*** Opening of Records shown ***

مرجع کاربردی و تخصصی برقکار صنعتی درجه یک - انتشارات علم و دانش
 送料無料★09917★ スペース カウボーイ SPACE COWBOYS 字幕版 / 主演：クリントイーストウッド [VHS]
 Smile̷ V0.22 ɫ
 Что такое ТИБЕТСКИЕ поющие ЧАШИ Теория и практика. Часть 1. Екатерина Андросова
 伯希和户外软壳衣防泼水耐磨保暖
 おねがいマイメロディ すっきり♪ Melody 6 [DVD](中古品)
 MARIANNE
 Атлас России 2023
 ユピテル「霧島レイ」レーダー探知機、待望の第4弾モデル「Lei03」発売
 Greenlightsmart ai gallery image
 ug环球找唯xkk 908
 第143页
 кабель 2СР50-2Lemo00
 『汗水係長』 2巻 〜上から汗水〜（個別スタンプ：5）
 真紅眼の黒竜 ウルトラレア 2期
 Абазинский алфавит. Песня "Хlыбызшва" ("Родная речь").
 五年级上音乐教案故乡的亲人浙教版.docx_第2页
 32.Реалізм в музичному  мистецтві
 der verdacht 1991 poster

*** Close of Records shown ***

> What is expected
Set down each record above without changing a single word.

> Exercise output
مرجع کاربردی و تخصصی برقکار صنعتی درجه یک - انتشارات علم و دانش
 送料無料★09917★ スペース カウボーイ SPACE COWBOYS 字幕版 / 主演：クリントイーストウッド [VHS]
 Smile̷ V0.22 ɫ
 Что такое ТИБЕТСКИЕ поющие ЧАШИ Теория и практика. Часть 1. Екатерина Андросова
 伯希和户外软壳衣防泼水耐磨保暖
 おねがいマイメロディ すっきり♪ Melody 6 [DVD](中古品)
 MARIANNE
 Атлас России 2023
 ユピテル「霧島レイ」レーダー探知機、待望の第4弾モデル「Lei03」発売
 Greenlightsmart ai gallery image
 ug环球找唯xkk 908
 第143页
 кабель 2СР50-2Lemo00
 『汗水係長』 2巻 〜上から汗水〜（個別スタンプ：5）
 真紅眼の黒竜 ウルトラレア 2期
 Абазинский алфавит. Песня "Хlыбызшва" ("Родная речь").
 五年级上音乐教案故乡的亲人浙教版.docx_第2页
 32.Реалізм в музичному  мистецтві
 der verdacht 1991 poster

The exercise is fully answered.